### RECORDS
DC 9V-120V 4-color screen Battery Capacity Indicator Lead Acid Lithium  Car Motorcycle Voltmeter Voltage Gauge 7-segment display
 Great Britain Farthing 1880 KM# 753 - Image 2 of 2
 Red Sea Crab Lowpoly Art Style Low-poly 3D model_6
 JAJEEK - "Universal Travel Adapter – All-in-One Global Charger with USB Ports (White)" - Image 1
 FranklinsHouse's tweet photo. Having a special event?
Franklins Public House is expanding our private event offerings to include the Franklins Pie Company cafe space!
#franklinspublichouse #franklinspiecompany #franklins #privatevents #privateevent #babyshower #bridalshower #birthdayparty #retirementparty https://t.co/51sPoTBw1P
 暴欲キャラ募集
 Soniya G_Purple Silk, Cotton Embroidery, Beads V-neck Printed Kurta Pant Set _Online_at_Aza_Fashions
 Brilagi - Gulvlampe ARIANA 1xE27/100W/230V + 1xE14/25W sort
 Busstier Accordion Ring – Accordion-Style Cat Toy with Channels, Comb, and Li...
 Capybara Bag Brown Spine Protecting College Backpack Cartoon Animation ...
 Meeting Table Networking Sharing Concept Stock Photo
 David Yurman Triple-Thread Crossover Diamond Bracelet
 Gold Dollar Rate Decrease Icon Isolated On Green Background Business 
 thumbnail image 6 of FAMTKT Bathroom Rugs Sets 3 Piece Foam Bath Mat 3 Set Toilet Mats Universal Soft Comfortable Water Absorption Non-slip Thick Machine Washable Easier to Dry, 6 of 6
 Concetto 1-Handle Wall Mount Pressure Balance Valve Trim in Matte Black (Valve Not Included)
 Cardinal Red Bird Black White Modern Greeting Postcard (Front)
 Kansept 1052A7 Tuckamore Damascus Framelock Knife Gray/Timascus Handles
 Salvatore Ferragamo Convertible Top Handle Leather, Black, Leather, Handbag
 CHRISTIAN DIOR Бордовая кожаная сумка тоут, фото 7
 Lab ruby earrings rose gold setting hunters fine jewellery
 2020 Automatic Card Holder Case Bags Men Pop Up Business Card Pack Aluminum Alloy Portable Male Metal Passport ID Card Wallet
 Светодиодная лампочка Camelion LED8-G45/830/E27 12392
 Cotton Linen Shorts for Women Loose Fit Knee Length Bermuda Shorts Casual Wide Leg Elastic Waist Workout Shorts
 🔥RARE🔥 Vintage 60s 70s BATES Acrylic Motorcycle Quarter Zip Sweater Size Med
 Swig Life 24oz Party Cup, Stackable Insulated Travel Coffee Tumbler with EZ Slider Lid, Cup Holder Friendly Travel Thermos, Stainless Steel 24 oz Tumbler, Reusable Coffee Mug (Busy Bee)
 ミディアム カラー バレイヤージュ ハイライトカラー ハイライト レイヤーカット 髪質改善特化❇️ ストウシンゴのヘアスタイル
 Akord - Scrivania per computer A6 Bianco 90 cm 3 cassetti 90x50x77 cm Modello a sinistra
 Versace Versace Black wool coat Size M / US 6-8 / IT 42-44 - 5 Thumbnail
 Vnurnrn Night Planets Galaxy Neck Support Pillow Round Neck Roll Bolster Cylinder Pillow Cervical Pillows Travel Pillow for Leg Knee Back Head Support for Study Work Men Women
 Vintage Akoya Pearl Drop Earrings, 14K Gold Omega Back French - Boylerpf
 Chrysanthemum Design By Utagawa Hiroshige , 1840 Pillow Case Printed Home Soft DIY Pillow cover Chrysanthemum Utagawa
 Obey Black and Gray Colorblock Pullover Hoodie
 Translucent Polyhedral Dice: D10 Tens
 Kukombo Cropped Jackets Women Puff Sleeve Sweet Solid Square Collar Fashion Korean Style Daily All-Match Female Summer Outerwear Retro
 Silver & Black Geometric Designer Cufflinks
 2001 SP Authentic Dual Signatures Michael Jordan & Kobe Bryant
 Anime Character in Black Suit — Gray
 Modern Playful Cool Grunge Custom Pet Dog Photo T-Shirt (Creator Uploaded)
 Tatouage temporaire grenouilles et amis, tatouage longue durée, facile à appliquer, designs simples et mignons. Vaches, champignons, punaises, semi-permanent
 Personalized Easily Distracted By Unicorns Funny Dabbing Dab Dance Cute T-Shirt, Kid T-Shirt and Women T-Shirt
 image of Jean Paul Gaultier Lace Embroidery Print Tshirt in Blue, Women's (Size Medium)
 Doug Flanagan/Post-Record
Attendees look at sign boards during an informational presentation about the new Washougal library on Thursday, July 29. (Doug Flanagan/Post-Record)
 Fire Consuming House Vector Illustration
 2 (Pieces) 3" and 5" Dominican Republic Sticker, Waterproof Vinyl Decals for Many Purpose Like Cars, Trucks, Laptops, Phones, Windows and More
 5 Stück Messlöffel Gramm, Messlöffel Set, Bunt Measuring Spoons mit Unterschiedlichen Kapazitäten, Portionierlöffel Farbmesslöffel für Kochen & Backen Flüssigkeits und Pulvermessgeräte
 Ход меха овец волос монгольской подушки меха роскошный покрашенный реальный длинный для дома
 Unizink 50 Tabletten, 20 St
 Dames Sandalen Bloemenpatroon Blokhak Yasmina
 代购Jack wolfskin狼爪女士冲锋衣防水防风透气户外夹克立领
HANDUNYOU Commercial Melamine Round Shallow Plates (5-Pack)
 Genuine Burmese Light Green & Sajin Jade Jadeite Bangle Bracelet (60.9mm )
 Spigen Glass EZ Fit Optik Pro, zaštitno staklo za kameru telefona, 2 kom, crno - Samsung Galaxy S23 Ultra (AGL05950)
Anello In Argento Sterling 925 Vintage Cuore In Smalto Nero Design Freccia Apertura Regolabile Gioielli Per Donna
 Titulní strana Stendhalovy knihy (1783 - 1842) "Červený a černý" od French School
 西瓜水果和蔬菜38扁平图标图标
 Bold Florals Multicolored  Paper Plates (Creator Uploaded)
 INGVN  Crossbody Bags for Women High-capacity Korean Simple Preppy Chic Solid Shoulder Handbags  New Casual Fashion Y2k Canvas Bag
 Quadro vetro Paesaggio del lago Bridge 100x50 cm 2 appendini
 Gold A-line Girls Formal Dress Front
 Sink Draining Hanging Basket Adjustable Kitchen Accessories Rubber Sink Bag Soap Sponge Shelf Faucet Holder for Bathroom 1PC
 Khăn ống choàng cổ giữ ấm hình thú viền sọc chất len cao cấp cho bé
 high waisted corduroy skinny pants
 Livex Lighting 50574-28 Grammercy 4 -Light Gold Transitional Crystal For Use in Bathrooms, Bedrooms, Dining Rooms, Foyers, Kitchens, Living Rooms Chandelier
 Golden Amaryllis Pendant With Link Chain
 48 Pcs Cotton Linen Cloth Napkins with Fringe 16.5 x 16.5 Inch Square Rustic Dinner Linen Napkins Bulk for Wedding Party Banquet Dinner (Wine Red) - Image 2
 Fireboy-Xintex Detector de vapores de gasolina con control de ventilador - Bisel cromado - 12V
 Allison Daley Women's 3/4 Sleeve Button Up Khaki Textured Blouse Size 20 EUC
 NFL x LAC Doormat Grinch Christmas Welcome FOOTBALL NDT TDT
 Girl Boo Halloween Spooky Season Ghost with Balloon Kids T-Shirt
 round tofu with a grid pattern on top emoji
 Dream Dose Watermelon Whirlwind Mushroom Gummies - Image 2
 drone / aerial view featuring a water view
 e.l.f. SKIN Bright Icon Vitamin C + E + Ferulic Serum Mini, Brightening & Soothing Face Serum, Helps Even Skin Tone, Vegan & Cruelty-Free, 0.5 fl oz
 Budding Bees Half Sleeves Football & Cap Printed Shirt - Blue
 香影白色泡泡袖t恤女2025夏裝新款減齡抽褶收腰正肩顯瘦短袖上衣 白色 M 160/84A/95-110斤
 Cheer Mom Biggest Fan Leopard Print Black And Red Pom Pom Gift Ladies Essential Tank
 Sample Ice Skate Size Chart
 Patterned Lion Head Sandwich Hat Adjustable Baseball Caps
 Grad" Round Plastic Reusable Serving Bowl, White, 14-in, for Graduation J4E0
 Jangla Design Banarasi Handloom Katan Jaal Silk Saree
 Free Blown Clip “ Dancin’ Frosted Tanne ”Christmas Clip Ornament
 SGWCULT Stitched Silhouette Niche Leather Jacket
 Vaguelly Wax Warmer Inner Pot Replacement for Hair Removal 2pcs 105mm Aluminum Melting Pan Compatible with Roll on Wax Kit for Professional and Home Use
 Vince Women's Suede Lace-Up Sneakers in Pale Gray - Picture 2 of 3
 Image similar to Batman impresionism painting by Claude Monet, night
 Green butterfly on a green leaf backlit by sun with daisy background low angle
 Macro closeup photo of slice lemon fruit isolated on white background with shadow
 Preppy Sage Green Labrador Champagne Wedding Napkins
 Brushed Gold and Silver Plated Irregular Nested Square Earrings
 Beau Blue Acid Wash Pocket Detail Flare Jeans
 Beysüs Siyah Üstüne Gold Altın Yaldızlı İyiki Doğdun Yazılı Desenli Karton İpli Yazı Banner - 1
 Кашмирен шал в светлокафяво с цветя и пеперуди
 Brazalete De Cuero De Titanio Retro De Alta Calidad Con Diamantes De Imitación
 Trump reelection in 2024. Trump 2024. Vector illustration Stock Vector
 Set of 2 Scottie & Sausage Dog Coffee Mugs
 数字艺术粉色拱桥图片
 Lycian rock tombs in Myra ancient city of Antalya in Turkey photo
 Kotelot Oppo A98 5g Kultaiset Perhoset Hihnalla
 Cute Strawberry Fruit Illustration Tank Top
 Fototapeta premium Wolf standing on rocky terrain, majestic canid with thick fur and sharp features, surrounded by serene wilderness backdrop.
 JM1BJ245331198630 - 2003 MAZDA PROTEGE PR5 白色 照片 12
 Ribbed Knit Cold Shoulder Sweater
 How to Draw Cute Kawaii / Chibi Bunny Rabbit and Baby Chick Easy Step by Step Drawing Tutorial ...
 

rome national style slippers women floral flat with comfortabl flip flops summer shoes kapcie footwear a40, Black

### INSTRUCTIONS TO FOLLOW
Would you please copy, word for word, everything above from the line containing "Travel Adapter –" down to the line containing "Cotton Linen Shorts", those two lines included?

### SOLUTION TO THIS EXERCISE
 JAJEEK - "Universal Travel Adapter – All-in-One Global Charger with USB Ports (White)" - Image 1
 FranklinsHouse's tweet photo. Having a special event?
Franklins Public House is expanding our private event offerings to include the Franklins Pie Company cafe space!
#franklinspublichouse #franklinspiecompany #franklins #privatevents #privateevent #babyshower #bridalshower #birthdayparty #retirementparty https://t.co/51sPoTBw1P
 暴欲キャラ募集
 Soniya G_Purple Silk, Cotton Embroidery, Beads V-neck Printed Kurta Pant Set _Online_at_Aza_Fashions
 Brilagi - Gulvlampe ARIANA 1xE27/100W/230V + 1xE14/25W sort
 Busstier Accordion Ring – Accordion-Style Cat Toy with Channels, Comb, and Li...
 Capybara Bag Brown Spine Protecting College Backpack Cartoon Animation ...
 Meeting Table Networking Sharing Concept Stock Photo
 David Yurman Triple-Thread Crossover Diamond Bracelet
 Gold Dollar Rate Decrease Icon Isolated On Green Background Business 
 thumbnail image 6 of FAMTKT Bathroom Rugs Sets 3 Piece Foam Bath Mat 3 Set Toilet Mats Universal Soft Comfortable Water Absorption Non-slip Thick Machine Washable Easier to Dry, 6 of 6
 Concetto 1-Handle Wall Mount Pressure Balance Valve Trim in Matte Black (Valve Not Included)
 Cardinal Red Bird Black White Modern Greeting Postcard (Front)
 Kansept 1052A7 Tuckamore Damascus Framelock Knife Gray/Timascus Handles
 Salvatore Ferragamo Convertible Top Handle Leather, Black, Leather, Handbag
 CHRISTIAN DIOR Бордовая кожаная сумка тоут, фото 7
 Lab ruby earrings rose gold setting hunters fine jewellery
 2020 Automatic Card Holder Case Bags Men Pop Up Business Card Pack Aluminum Alloy Portable Male Metal Passport ID Card Wallet
 Светодиодная лампочка Camelion LED8-G45/830/E27 12392
 Cotton Linen Shorts for Women Loose Fit Knee Length Bermuda Shorts Casual Wide Leg Elastic Waist Workout Shorts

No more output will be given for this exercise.